Note that as Millgram describes the case he excludes the agent from believing that she has her desire for means-ends reasons, or merely because she feels like having it where this might be satisfying or pleasant.

One traditional analysis of desire claims that it is necessary for having a desire that p that someone is motivated to act to bring about p: that is, if someone desires that p then she is disposed to act in ways she believes will bring about p. This is a view expressed in another of Hume's slogans, that desires are ‘motivating passions’. However, an objection to this Humean view appeals to the possibility of desiring something that one takes to be impossible. If someone desires something that she takes to be impossible, perhaps merely nomologically impossible, such as desiring that she travel faster than the speed of light, then she cannot reasonably also believe that there is anything she can do to bring about what she desires. But then, according to the objection, she cannot be disposed to act in any way in virtue of having this desire. So desires for things that are believed to be impossible are presented as counter examples to the Humean view that desiring something entails being motivated to try to get it.

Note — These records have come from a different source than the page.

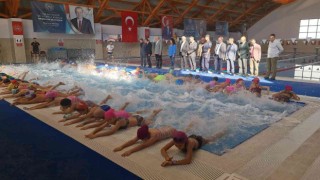 Nazillide yüzme bilmeyen kalmayacak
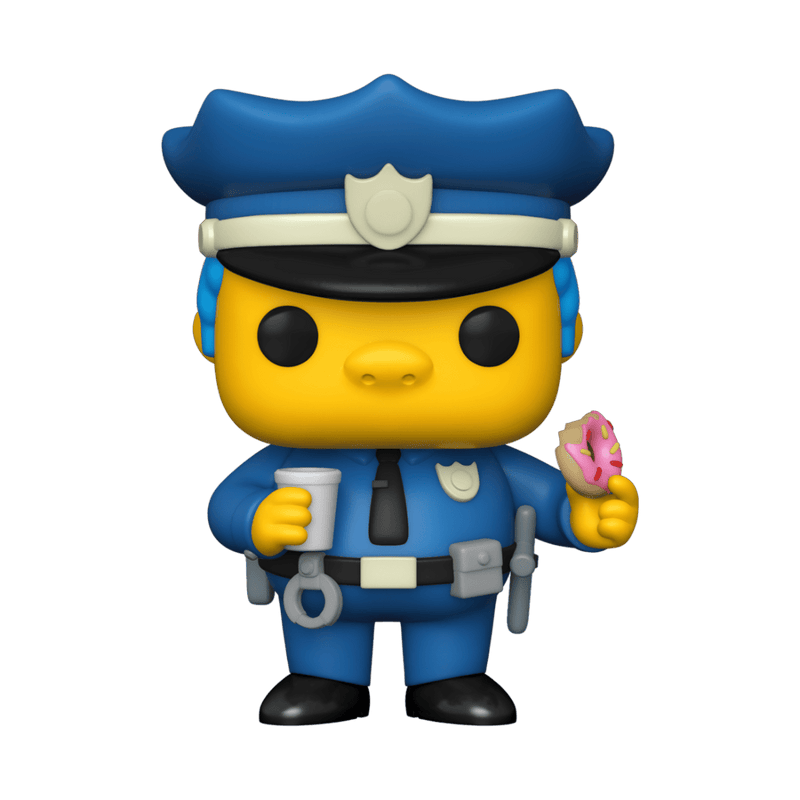 FUNKO POP ANIMATION: SIMPSONS - CHIEF WIGGUM 889698529464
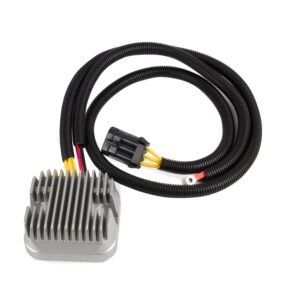 voltage regulator rectifier compatible with polaris sportsman 450/570/sp 570/x2 570/etx,replace # 4014543 4015230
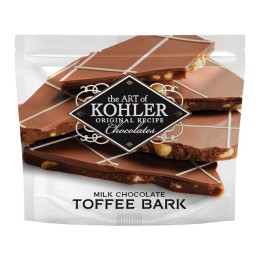 Kohler Chocolates Milk Toffee Bark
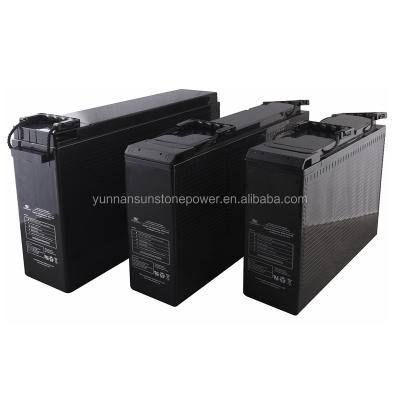 China UPS high quality front terminal sealed air to ground missile lead acid battery for sale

Yet, if what I have argued here is correct, that a desire to have a particular desire that is frustrated is Moorean, and that this implies that one cannot rationally desire something that one believes one cannot obtain, then this objection can be avoided to a certain extent. One plausible way of understanding the project of giving a theory of desire is as aiming at specifying the conditions on a rational agent having a desire. If the Humean view is understood in this context, then desires for something that you take to be impossible are not counter examples at all: they are not desires that a rational agent could appropriately have so the fact that someone might not be motivated to act in virtue of having such a desire is not a problem for a theory about the desires of rational agents.

As mentioned earlier, my aim here was to suggest a counterpart of Moore's paradox for desire alone. Yet desire is only one of a number of pro-attitudes or conative states that we are familiar with from everyday psychology. Others include wishing, hoping, intending, and so on. Intuitively these seem to be genuinely different (if related) kinds of mental state but it is not clear exactly what it is that distinguishes between them. One proposal for distinguishing between them is in terms of the constraints on the objects of the different kinds of pro-attitude: it is plausible that what it is rational or reasonable to desire is different from what it is rational or reasonable to hope for or wish for. For example, one might think that there is something wrong with desiring that something in the past had been different but think that there is nothing wrong with wishing that something in the past had been different. Moorean desires suggest constraints on what can be the object of desire. If we could identify counterparts of Moore's paradox for the other pro-attitudes as well, and in doing so identify the constraints on the objects of those pro-attitudes, we would then have a principled way of distinguishing between kinds of pro-attitude.